The Palen/McCoy Wilderness lies to the west of the Rice Valley Wilderness and consists of several mountain ranges, including the Arica Mountains. However, the wilderness boundary stops along the spine of the Arica Mountains, and really should continue east and north to include all of the sand dunes of this pristine and sensitive area. These sand dunes are a continuation of those in Rice Valley and, as mentioned above, contain a plethora of unique and sensitive species.
Both of these areas outside of current wilderness boundaries are under threat from rough OHV use, heavy grazing, and solar energy projects. There is a development project underway in the northern section of Rice Valley that will include a heliostat 650 feet tall (twice the height of the Statue of Liberty!). This horrible eyesore will be visible for miles around. The project also plans to dig a well in Rice Valley, possibly disrupting the water table of which could severely affect the large stand of crucifixion thorn and other flora and fauna of the area.” It is unlikely that this project can be stopped, but extending the wilderness boundary up to its border will at least prevent further development and bring much needed protection to this unique and beautiful valley.

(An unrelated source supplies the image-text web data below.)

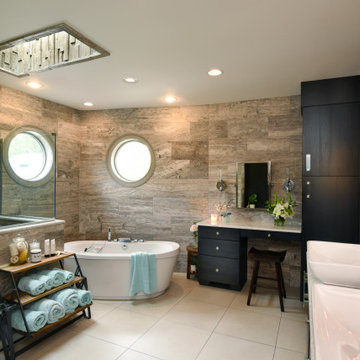 Earth Toned Bath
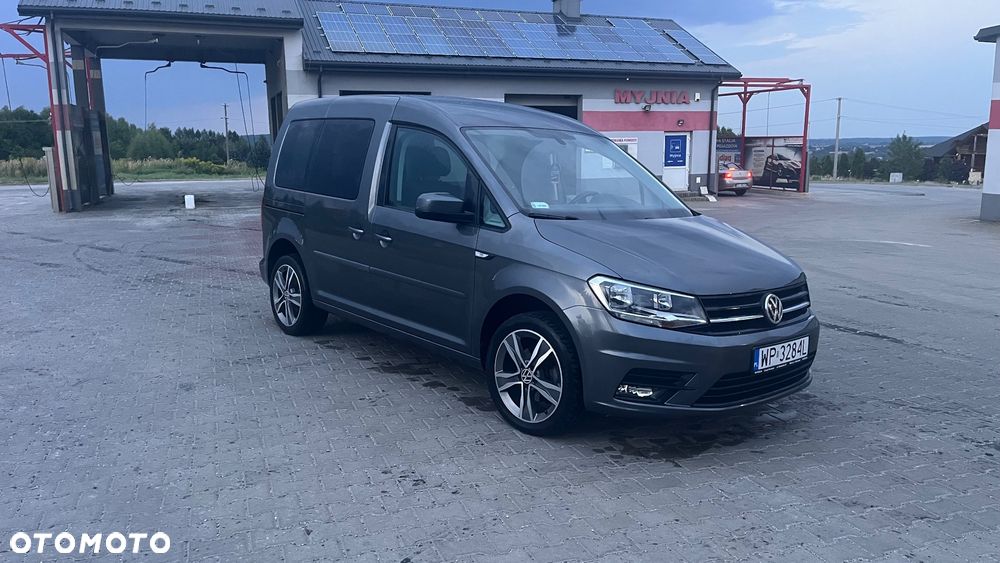 Volkswagen Caddy Maxi 2.0 TDI Trendline - 8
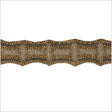 1.25" Gold Beaded Trim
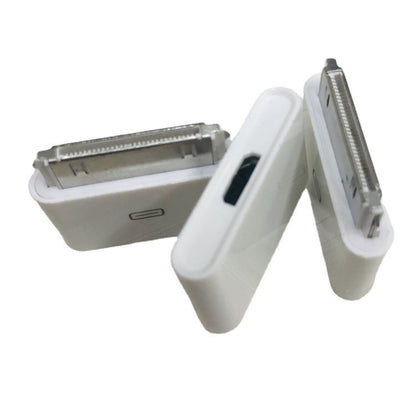 Compatible with Apple , USB To 30PIN Adapter For Android To Apple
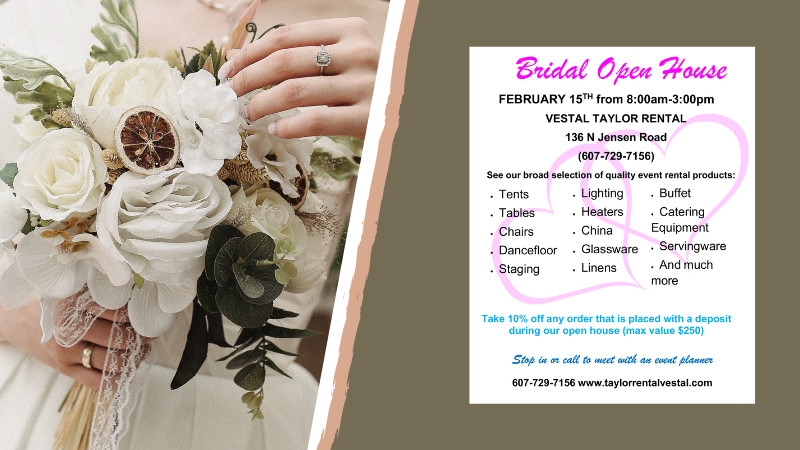 Bridal Open House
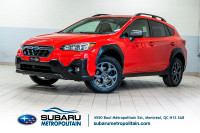 2021 Subaru Crosstrek OUTDOOR, 2.5L, CARPLAY, BANCS CHAUFF, CAM 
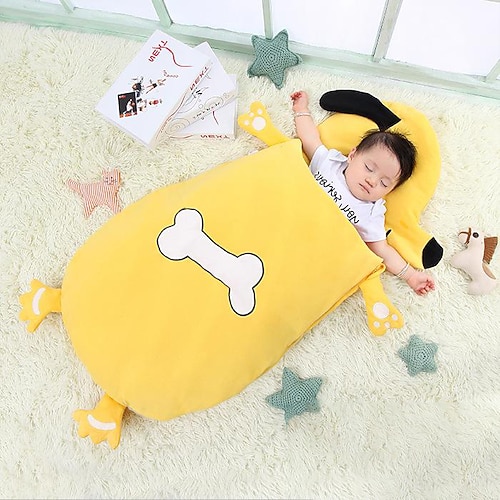 

Baby Sleeping Bag, Portable Baby Carrier Receiving Dream Blanket Wrap Swaddle Blanket Knit Sleeping Bag Knit Blankets Stroller Wrap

Throughout this three-part series, I have discussed nine places that should be given wilderness designation. These are just a few examples of remote areas in our southwest deserts that could be, and should be, given wilderness designation or included in previously designated wilderness areas to provide protection and preservation for the future. These scenic and fragile places can’t protect themselves ‒ it is our responsibility to do so.
Duncan Bell is a field botanist for Rancho Santa Ana Botanic Garden and spends most of his time doing floristic work in the under-collected and under-explored mountain ranges of Southern California.